--- EXERCISE INPUTS ---
_ _ _ _ _ _ _

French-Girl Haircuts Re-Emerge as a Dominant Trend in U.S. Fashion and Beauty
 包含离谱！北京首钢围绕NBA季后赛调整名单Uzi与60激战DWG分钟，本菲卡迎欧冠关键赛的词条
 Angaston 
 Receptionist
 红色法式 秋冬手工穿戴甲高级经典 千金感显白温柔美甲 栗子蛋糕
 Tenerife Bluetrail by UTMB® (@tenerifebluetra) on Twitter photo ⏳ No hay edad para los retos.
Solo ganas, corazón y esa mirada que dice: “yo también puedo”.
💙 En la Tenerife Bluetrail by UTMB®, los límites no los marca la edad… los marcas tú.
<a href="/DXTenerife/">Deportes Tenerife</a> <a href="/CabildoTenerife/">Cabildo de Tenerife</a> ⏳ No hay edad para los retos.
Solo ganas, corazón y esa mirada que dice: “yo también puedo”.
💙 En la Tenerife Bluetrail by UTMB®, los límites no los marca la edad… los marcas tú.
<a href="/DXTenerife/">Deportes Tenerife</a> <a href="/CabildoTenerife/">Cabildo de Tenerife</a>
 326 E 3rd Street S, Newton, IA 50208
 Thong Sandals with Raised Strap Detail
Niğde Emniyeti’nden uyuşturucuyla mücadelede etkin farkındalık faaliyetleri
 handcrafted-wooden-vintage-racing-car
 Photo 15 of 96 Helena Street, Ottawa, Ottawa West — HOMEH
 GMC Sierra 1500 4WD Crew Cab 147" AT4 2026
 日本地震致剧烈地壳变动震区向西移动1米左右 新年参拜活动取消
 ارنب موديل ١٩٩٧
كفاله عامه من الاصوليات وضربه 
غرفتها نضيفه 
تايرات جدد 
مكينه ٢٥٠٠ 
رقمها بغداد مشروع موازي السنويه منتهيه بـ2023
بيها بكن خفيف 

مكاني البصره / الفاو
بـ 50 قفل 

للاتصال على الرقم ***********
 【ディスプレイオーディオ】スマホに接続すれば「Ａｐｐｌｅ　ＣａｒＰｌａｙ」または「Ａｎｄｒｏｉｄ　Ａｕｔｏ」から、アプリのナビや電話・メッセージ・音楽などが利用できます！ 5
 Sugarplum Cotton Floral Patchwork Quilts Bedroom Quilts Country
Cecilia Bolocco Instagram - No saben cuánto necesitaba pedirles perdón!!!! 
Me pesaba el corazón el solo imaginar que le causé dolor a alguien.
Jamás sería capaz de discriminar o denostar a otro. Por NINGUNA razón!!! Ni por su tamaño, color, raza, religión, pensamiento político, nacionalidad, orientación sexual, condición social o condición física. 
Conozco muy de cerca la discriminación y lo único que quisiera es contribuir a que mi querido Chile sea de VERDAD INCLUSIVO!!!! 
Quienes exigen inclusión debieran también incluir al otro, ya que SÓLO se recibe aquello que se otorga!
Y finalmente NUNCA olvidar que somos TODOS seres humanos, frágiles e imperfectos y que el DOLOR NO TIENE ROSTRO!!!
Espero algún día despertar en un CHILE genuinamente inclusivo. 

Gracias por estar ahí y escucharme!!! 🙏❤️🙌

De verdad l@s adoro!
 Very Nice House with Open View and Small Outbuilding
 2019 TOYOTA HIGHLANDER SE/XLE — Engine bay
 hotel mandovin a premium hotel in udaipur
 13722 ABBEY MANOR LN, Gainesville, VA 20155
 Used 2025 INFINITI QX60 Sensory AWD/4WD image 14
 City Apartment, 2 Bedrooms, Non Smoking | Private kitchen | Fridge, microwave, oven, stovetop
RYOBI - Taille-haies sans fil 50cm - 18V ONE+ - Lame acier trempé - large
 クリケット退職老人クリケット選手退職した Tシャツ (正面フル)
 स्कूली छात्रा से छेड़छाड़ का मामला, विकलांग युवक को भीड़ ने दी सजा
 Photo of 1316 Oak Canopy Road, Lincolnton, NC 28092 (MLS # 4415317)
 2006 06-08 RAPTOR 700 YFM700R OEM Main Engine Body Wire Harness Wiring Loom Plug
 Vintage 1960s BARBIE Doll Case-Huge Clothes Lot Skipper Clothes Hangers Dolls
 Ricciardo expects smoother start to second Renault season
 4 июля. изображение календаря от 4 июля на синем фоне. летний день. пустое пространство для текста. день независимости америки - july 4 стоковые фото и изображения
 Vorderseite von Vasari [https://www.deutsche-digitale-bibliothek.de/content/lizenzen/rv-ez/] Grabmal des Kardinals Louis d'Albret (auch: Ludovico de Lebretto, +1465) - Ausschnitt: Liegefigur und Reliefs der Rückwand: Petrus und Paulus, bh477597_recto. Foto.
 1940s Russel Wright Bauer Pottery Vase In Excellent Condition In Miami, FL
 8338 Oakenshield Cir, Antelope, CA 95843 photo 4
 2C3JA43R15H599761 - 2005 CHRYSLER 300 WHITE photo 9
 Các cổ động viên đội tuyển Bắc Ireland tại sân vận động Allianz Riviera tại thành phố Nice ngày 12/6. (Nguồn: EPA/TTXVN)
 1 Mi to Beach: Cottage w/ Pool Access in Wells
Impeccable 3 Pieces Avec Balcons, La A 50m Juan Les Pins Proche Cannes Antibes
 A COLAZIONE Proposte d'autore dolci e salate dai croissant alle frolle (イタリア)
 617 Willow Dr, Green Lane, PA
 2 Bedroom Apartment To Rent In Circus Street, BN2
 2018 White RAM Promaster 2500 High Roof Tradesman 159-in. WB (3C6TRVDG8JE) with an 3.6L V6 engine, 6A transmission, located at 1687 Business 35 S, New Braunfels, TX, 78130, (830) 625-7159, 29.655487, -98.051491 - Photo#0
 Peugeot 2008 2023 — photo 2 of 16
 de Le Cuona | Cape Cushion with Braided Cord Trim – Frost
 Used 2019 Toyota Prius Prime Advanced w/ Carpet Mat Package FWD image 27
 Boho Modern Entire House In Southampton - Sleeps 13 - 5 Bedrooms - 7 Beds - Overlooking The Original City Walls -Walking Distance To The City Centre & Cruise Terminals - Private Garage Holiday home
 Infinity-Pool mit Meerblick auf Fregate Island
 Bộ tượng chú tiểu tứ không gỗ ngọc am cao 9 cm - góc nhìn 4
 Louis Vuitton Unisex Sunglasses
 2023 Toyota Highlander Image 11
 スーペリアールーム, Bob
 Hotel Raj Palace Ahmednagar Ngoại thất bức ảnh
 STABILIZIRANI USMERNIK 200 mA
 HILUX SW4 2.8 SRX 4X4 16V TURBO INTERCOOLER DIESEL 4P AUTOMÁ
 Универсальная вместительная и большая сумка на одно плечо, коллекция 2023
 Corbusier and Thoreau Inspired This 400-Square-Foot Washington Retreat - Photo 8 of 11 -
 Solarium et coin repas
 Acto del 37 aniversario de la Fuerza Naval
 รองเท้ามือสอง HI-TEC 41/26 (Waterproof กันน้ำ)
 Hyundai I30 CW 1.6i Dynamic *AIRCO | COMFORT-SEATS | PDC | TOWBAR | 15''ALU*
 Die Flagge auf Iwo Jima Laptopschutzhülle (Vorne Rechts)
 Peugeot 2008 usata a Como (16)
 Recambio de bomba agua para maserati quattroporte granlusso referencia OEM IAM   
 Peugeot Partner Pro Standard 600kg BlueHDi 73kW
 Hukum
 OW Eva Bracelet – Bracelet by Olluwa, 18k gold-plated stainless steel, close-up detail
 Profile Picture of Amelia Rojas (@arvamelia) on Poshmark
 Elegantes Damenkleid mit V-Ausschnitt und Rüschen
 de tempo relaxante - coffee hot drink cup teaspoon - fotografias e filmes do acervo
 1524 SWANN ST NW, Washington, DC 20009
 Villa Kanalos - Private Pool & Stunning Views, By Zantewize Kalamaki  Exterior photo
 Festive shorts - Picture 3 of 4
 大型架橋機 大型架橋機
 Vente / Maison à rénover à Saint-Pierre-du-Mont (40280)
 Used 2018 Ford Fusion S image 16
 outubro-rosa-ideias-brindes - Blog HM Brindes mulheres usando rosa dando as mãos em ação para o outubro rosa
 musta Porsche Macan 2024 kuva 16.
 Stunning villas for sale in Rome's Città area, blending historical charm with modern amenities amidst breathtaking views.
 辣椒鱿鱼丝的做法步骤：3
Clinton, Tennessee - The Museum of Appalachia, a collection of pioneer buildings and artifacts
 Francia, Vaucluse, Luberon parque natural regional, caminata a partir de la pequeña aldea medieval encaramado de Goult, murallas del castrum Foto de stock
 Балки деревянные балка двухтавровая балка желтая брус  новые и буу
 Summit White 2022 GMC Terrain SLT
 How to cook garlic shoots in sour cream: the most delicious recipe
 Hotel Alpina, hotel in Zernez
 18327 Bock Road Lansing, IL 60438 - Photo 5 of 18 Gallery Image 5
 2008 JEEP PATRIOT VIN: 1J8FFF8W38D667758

_ _ _ _ _ _ _

--- TRY IT ---
Restate verbatim the first line above and all lines after it through the line containing "Sugarplum Cotton Floral"; omit the rest.

--- REPLY TO THE EXERCISE ---
French-Girl Haircuts Re-Emerge as a Dominant Trend in U.S. Fashion and Beauty
 包含离谱！北京首钢围绕NBA季后赛调整名单Uzi与60激战DWG分钟，本菲卡迎欧冠关键赛的词条
 Angaston 
 Receptionist
 红色法式 秋冬手工穿戴甲高级经典 千金感显白温柔美甲 栗子蛋糕
 Tenerife Bluetrail by UTMB® (@tenerifebluetra) on Twitter photo ⏳ No hay edad para los retos.
Solo ganas, corazón y esa mirada que dice: “yo también puedo”.
💙 En la Tenerife Bluetrail by UTMB®, los límites no los marca la edad… los marcas tú.
<a href="/DXTenerife/">Deportes Tenerife</a> <a href="/CabildoTenerife/">Cabildo de Tenerife</a> ⏳ No hay edad para los retos.
Solo ganas, corazón y esa mirada que dice: “yo también puedo”.
💙 En la Tenerife Bluetrail by UTMB®, los límites no los marca la edad… los marcas tú.
<a href="/DXTenerife/">Deportes Tenerife</a> <a href="/CabildoTenerife/">Cabildo de Tenerife</a>
 326 E 3rd Street S, Newton, IA 50208
 Thong Sandals with Raised Strap Detail
Niğde Emniyeti’nden uyuşturucuyla mücadelede etkin farkındalık faaliyetleri
 handcrafted-wooden-vintage-racing-car
 Photo 15 of 96 Helena Street, Ottawa, Ottawa West — HOMEH
 GMC Sierra 1500 4WD Crew Cab 147" AT4 2026
 日本地震致剧烈地壳变动震区向西移动1米左右 新年参拜活动取消
 ارنب موديل ١٩٩٧
كفاله عامه من الاصوليات وضربه 
غرفتها نضيفه 
تايرات جدد 
مكينه ٢٥٠٠ 
رقمها بغداد مشروع موازي السنويه منتهيه بـ2023
بيها بكن خفيف 

مكاني البصره / الفاو
بـ 50 قفل 

للاتصال على الرقم ***********
 【ディスプレイオーディオ】スマホに接続すれば「Ａｐｐｌｅ　ＣａｒＰｌａｙ」または「Ａｎｄｒｏｉｄ　Ａｕｔｏ」から、アプリのナビや電話・メッセージ・音楽などが利用できます！ 5
 Sugarplum Cotton Floral Patchwork Quilts Bedroom Quilts Country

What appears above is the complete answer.